Entre os motivos, ele cita as incertezas com os rumos da guerra e a recuperação da plenitude da organização nas cadeias produtivas. É o que faz com que esse conhecido problema da economia brasileira também seja, no momento, uma preocupação global, em países com pouca memória inflacionária, caso dos EUA.
– Durante a pandemia, foram concedidos estímulos sem precedentes na história. Leva-se tempo para neutralizar esses impactos, e a inflação do Exterior torna muito mais difícil domar a doméstica. Há ainda o que se denominada de inércia inflacionária, ou seja, nossa economia é demasiadamente indexada e torna a inflação retroalimentada no futuro, nos contratos (aluguel, pedágio etc.) e até nos salários. Trata-se de um contexto de contenção ainda mais complicada – explica.
Com futuro incerto, câmbio amenizaria pressões e aqueceria o mercado
Para romper o que pode ser considerado um ciclo vicioso originado a partir da inflação, existe um elemento que serve como uma espécie de curinga. Trata-se do câmbio. Só que, outra vez, o horizonte não é nada animador.
Valter Bianchi Filho, sócio-diretor da Fundamenta Investimentos, explica que, com o real menos desvalorizado frente ao dólar, seria possível desinflacionar a economia, aumentar a renda (a per capita é balizada em dólar), reduzir juros e voltar a gerar crescimento econômico, impulsionado pela atividade doméstica. Aliás, esse é também ponto de partida para atacar o desemprego.
O problema, acrescenta, é que se a alta dos juros nos EUA for além das expectativas atuais (3,25%), o Brasil teria de acompanhar a movimentação para acomodar as diferenças, o que ampliaria a desaceleração interna. Na prática, a dinâmica estabelecida, a partir das movimentações do Fed, funciona como uma convocação para que os dólares voltem para casa: os EUA.

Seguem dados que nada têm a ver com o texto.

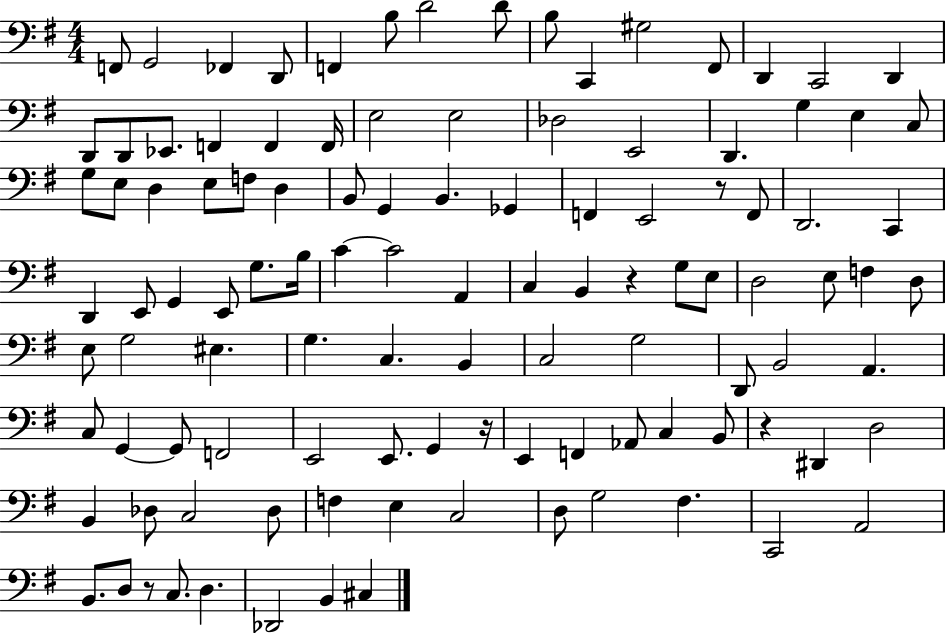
X:1
T:Untitled
M:4/4
L:1/4
K:G
F,,/2 G,,2 _F,, D,,/2 F,, B,/2 D2 D/2 B,/2 C,, ^G,2 ^F,,/2 D,, C,,2 D,, D,,/2 D,,/2 _E,,/2 F,, F,, F,,/4 E,2 E,2 _D,2 E,,2 D,, G, E, C,/2 G,/2 E,/2 D, E,/2 F,/2 D, B,,/2 G,, B,, _G,, F,, E,,2 z/2 F,,/2 D,,2 C,, D,, E,,/2 G,, E,,/2 G,/2 B,/4 C C2 A,, C, B,, z G,/2 E,/2 D,2 E,/2 F, D,/2 E,/2 G,2 ^E, G, C, B,, C,2 G,2 D,,/2 B,,2 A,, C,/2 G,, G,,/2 F,,2 E,,2 E,,/2 G,, z/4 E,, F,, _A,,/2 C, B,,/2 z ^D,, D,2 B,, _D,/2 C,2 _D,/2 F, E, C,2 D,/2 G,2 ^F, C,,2 A,,2 B,,/2 D,/2 z/2 C,/2 D, _D,,2 B,, ^C, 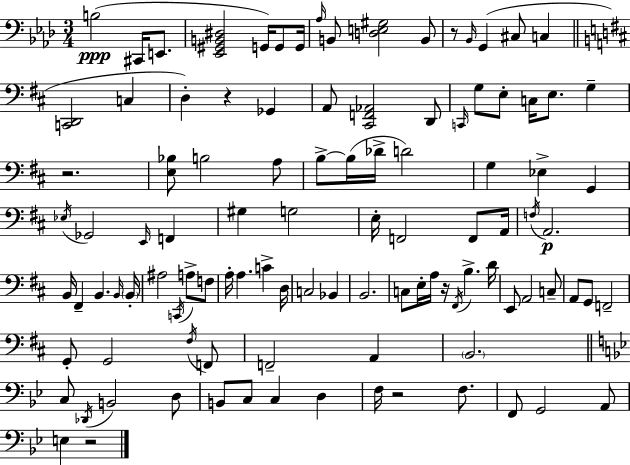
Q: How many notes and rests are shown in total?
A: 105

Significa menos investimento em carteiras emergentes, caso do Brasil. O resultado é a valorização mais expressiva da moeda norte-americana, não apenas frente ao real, mas também, perante todas as demais. Ainda assim, para Bianchi, o ano não será perdido, mas haverá “dois países” distintos em atividade.
O primeiro é o que se beneficia das exportações, em razão da alta no preço das commodities e a maior competitividade gerada também a partir do real desvalorizado. O segundo, do consumo e da produção doméstica – o da vida real –, não terá a mesma sorte. Sofre mais com a inflação e depende da volta do crescimento econômico para respirar, diz:
– Mas, se tudo der certo e se tivermos um ciclo parecido com o início dos anos 2000, os bons frutos da exportação acabam gerando renda, valorizam o real sobre o dólar e podem impulsionar renda e consumo, num ambiente que, se tiver a inflação controlada, ficaria ainda melhor.
Desempenho
Economista-chefe da Fecomércio-RS, Patrícia Palermo também vê papel de destaque para o câmbio, mas, com base em relatório do Fundo Monetário Internacional (FMI), sustenta que o PIB nacional não crescerá tão cedo. As expectativas da instituição indicam que, até 2027, a média será de 1,4% ao ano.
Para se ter uma ideia, entre 2000 e 2007, o desempenho foi de 3,6% e, de 2008 a 2019 (ano anterior à pandemia), de 1,4%. Segundo ela, os dados demonstram que as dificuldades internas persistem, a despeito das conjunturas externas:
– O problema não é um ano ruim, mas sim olhar mais distante e perceber que temos uma sequência de anos fracos. Ao longo do tempo, tivemos várias conjunturas: juros altos, baixos, câmbio no teto, no piso, maior ou menor inflação, mundo crescendo mais ou menos, enfim. Em comum, existe o fato de que em qualquer tempo o Brasil cresceu menos que seus pares e do que a média mundial. Algo está muito errado.